Na infância, as noites começavam com suas histórias, acompanhadas de suas adoráveis e desafinadas canções de ninar. No café da manhã me enchia de manias; retirar as sementes da banana da terra cozida era apenas uma delas. Pela nossa semelhança, carrego até hoje a versão feminina do seu apelido de família
Companheiro, juntava suas lágrimas às minhas assistindo filmes antigos e assim inundávamos o sofá e as nossas tardes. Na adolescência, curou minhas ressacas sem nunca fazer um só sermão e quando bem cedo arrumei um namorado, me convidou a trazê-lo para a porta de nossa casa. Enfim, era o pai liberal que fazia inveja às colegas de colégio e as deixava estupefatas ao conversar abertamente sobre os tais assuntos polêmicos. Mas não se enganem: tinha lá seus arroubos de pai de donzela.

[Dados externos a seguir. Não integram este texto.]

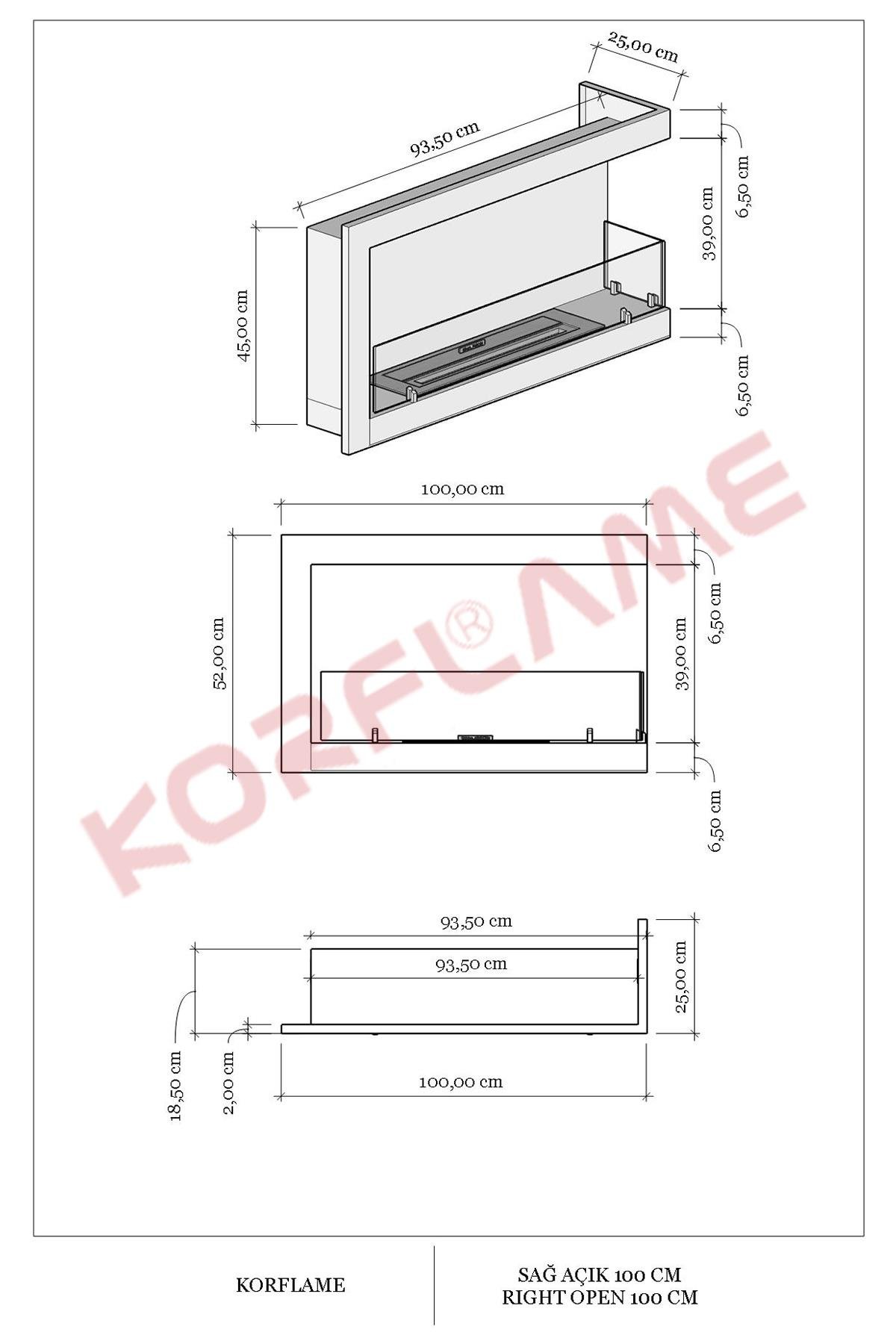 Korflame Sağ Açık 100 Cm Bioetanol Şömine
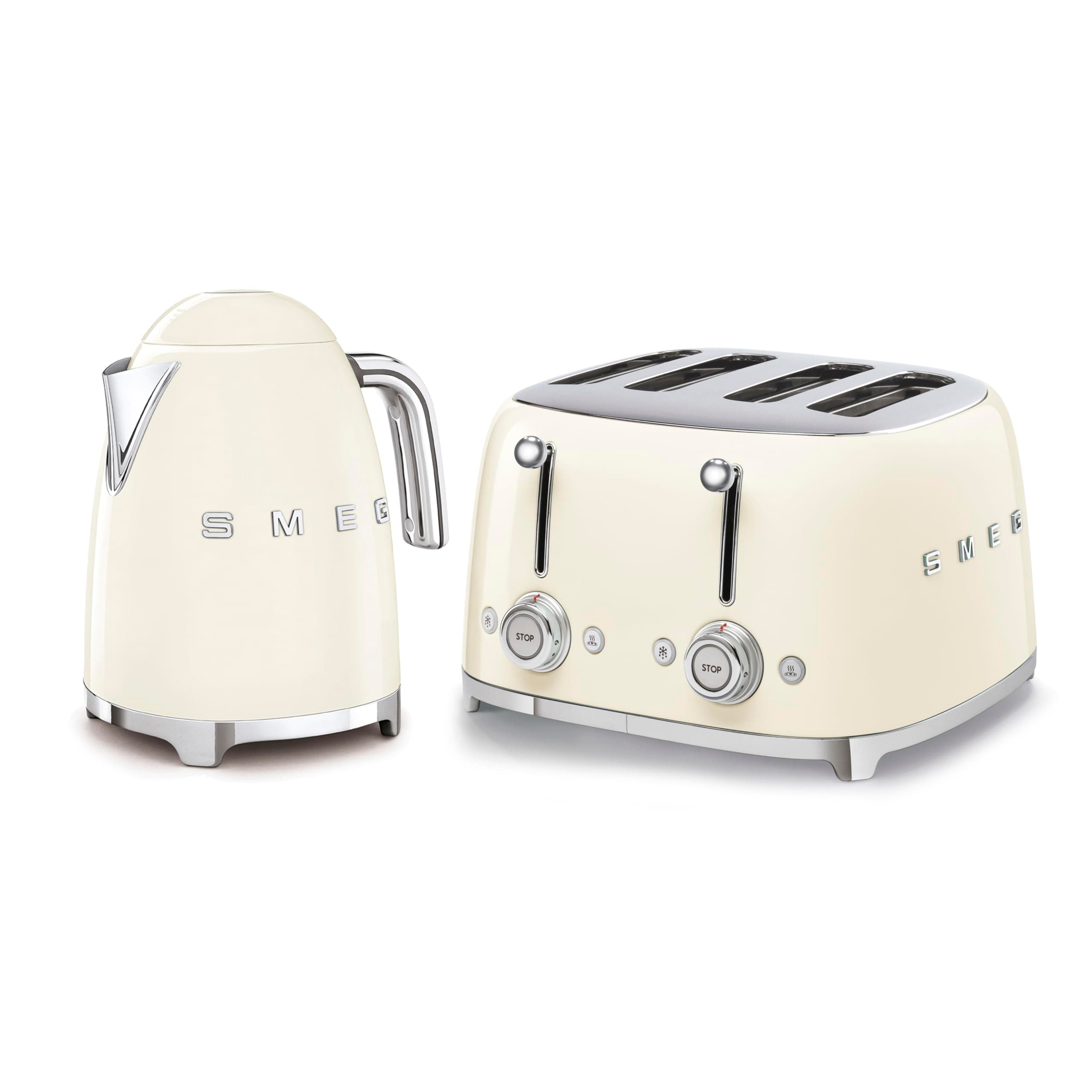 50’s Style Retro Range Breakfast Set, 1.7L 3000W Kettle and Multi-Functional Control 4-Slice 2000W Toaster, Cream, KLF03CRUK/ TSF03CRUK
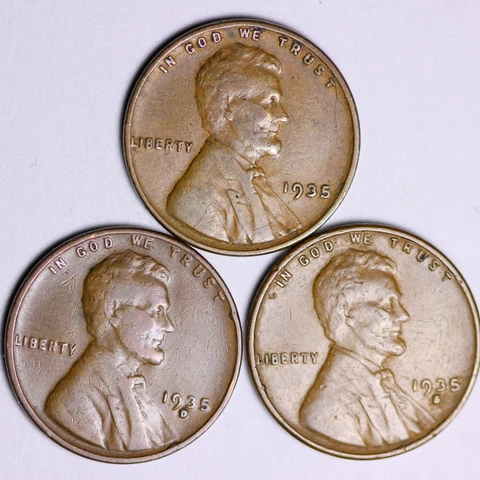 1935 + 1935-D + 1935-S  Lincoln Wheat Cents LOWEST PRICES ON THE BAY! FREE S/H Cover
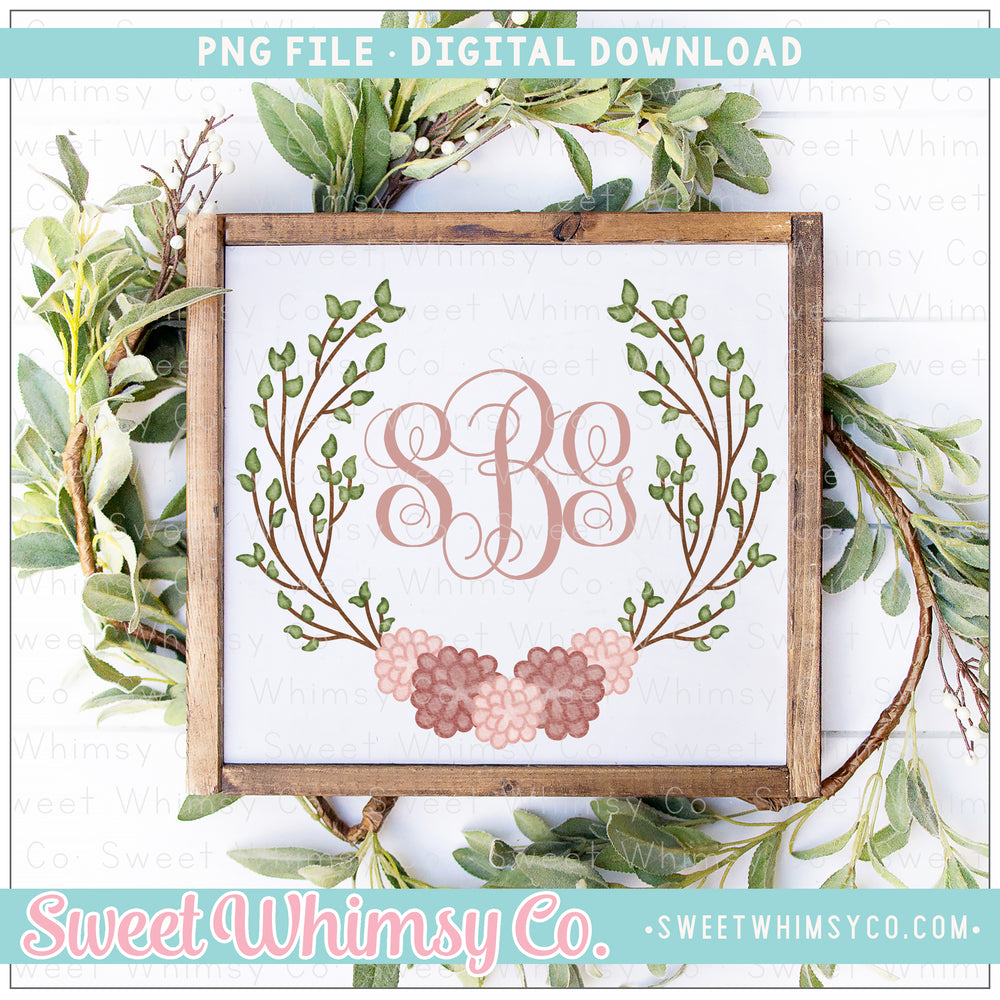 Woodland Floral Wreath PNG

Se me ensinou a me emocionar com a música em toda a sua diversidade e plenitude, nunca protestou diante dos meus berros e xingamentos no estádio de futebol. Entre apostas com seus amigos, um amendoim cozido e um rolete de cana, o adversário, o pobre do juiz e a mãe dele sempre levaram desaforos pra casa diante de um pai orgulhoso.
No meio da sua responsável indisciplina e infindável compreensão, conseguiu construir uma sólida família no exato tamanho da aconchegante bagunça. Cercado por mulheres, viveu sempre em minoria. Em casa eram quatro, sem contar a cadela -como sempre ressaltava. Dizia sentir-se como um diretor de internato feminino. Como se não bastasse, ainda convivia com as suas incontáveis pacientes. Dedicava a cada uma delas paciência e atenção inesgotáveis; mesmo quando ligavam às 3 da manhã pedindo instruções sobre a pílula anticoncepcional que havia caído no ralo da pia.
Fez da vida a sua profissão e, enquanto ajudava mulheres a realizar o sonho de ser mãe, fazia nascer em mim a certeza de que tudo é possível, desde que nunca se pare de sonhar e de compreender quem está a seu lado.
Por essa e muitas outras é que não, não sentirei saudades desse ano que se foi. O ano de 2011 abre as portas, mas dessa vez não será a mesma coisa. Não sigo sozinha, eu sei. Mas sim, sob uma luz diferente. Passo a passo, caminho agora guiada pela chama da saudade e da memória.